HSA Tax Benefits

All employer contributions to employee HSAs are made on a “pre-tax” basis. Employers may make pre-tax contributions to their employees’ HSAs either through a Section 125 plan or through a direct contribution. Contributions can be made in one lump sum or in payments throughout the year. Deposited funds belong to the employee. The combination of employer and employee contributions cannot exceed the IRS annual maximums.

Direct Employer Contributions (outside a Section 125 Plan)

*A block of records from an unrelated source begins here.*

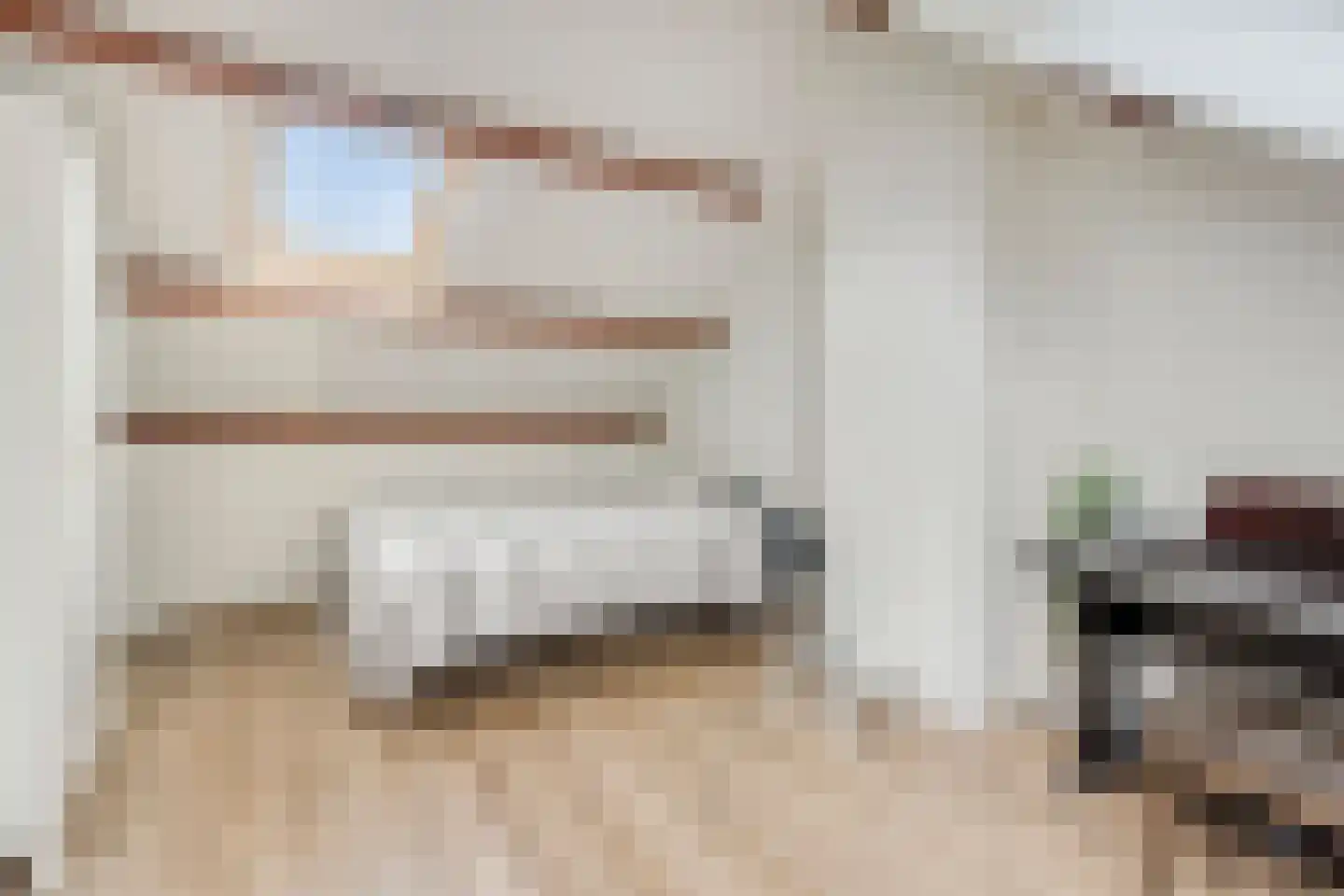 Van Hoockerkenstraat 15 Castricum thumbnail 40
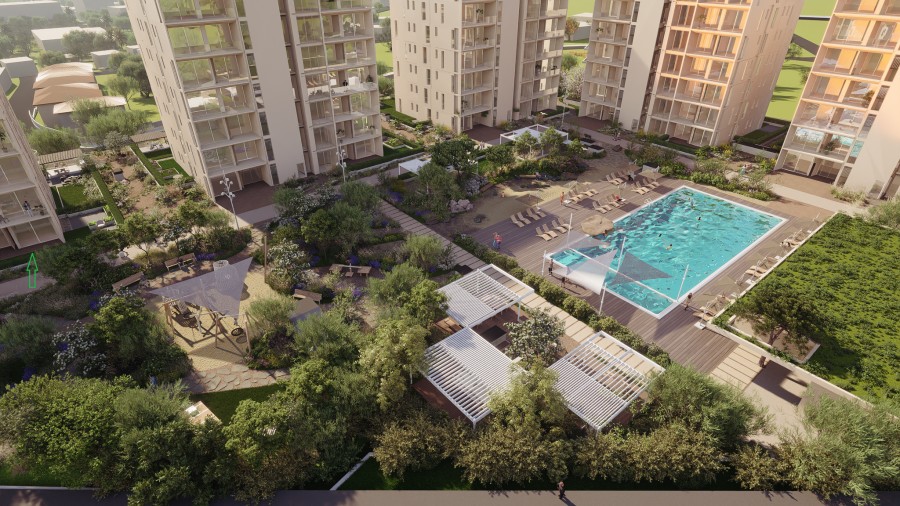 732594-apartment-for-sale-in-potamos-germasogeias_full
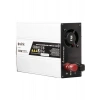 S-Link SL-300W 300W DC12V-AC230V Çakmaktan Power Inverter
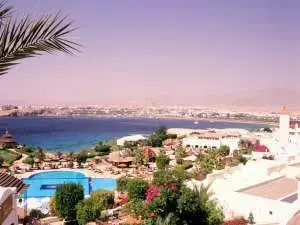 الملاهي والحدائق والملاعب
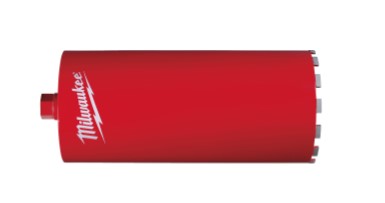 CORONA DIAM. UMIDO 202X500 4932399719   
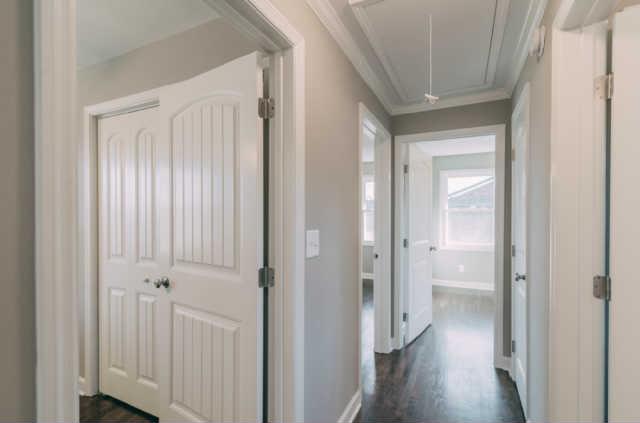 1006 Mitchell Road Nashville, TN 37206 - Photo 6 of 19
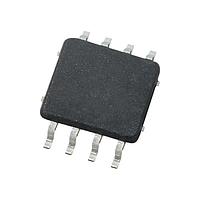 ABLIC S-19315AADA-M5T1U7 LDO Voltage Regulators IC DETECT/REG 40MA 5V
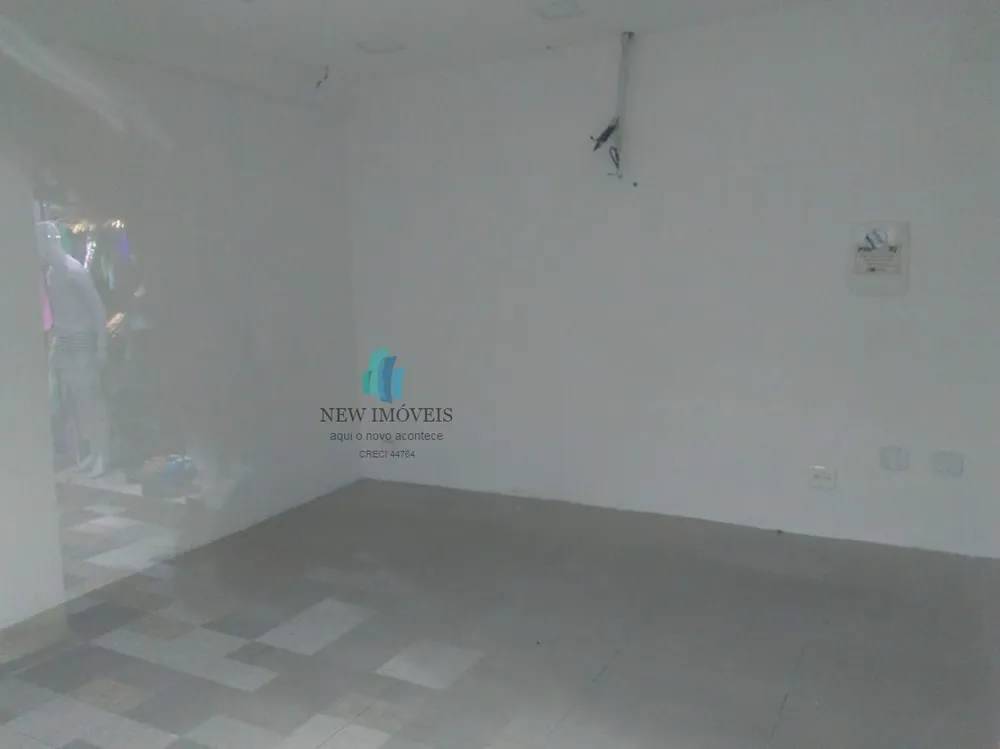 Loja-Salão, 11 m² - Foto 10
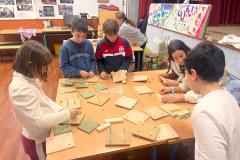 WhatsApp-Image-2025-03-10-at-18.14.40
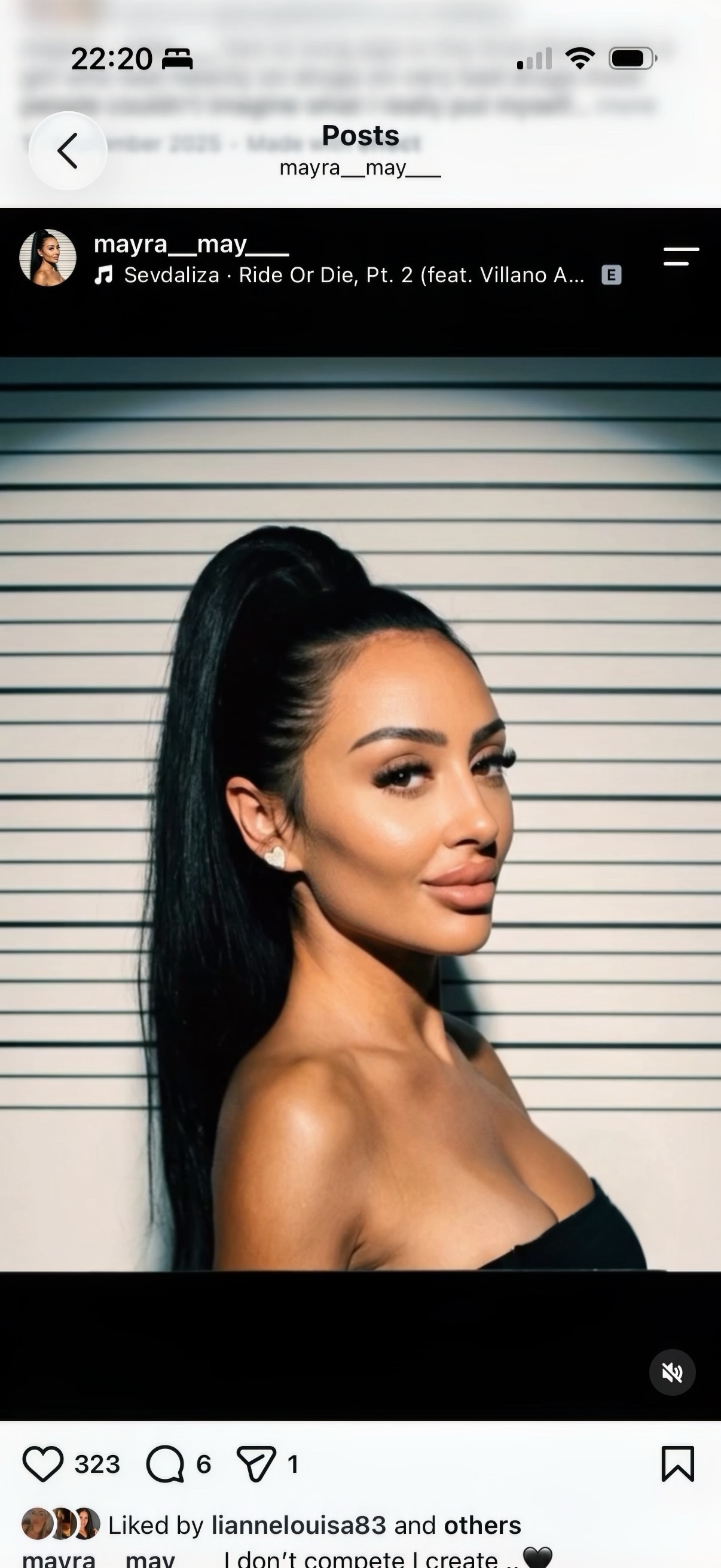 Chloe Doll Independent British Latina 🇬🇧 Now Offering Out Calls And Incalls backdrop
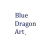 bluedragon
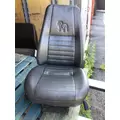 MACK MR Seat thumbnail 2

  • Employer contributions can generally be excluded from federal income tax, Social Security tax, Medicare tax, federal unemployment taxes (FUTA) and state unemployment taxes.*
  • Employers must make “comparable” contributions to their employees’ HSAs, on behalf of all of their eligible employees, in order to be tax-deductible as an employee benefit. In order to be considered “comparable,” the IRS requires that the amount be either an equal dollar amount or percentage of the deductible for the high deductible health plan. Employers are allowed to treat different categories of employees differently for the purposes of contributions. Those categories include:
    • Full-time versus part-time
    • Self only, self plus one, self plus two, or self plus three or more
    • HSA-eligible versus non-eligible

An exception to the comparability rules allows employers to contribute more to the HSAs of non-highly compensated individuals. For this purpose, the definition of "highly compensated employee" is based on the same definition used for qualified retirement plans.

Failure to comply with these rules may result in a 35 percent penalty, so employers are encouraged to consult their tax adviser or legal counsel to make sure they comply with these rules.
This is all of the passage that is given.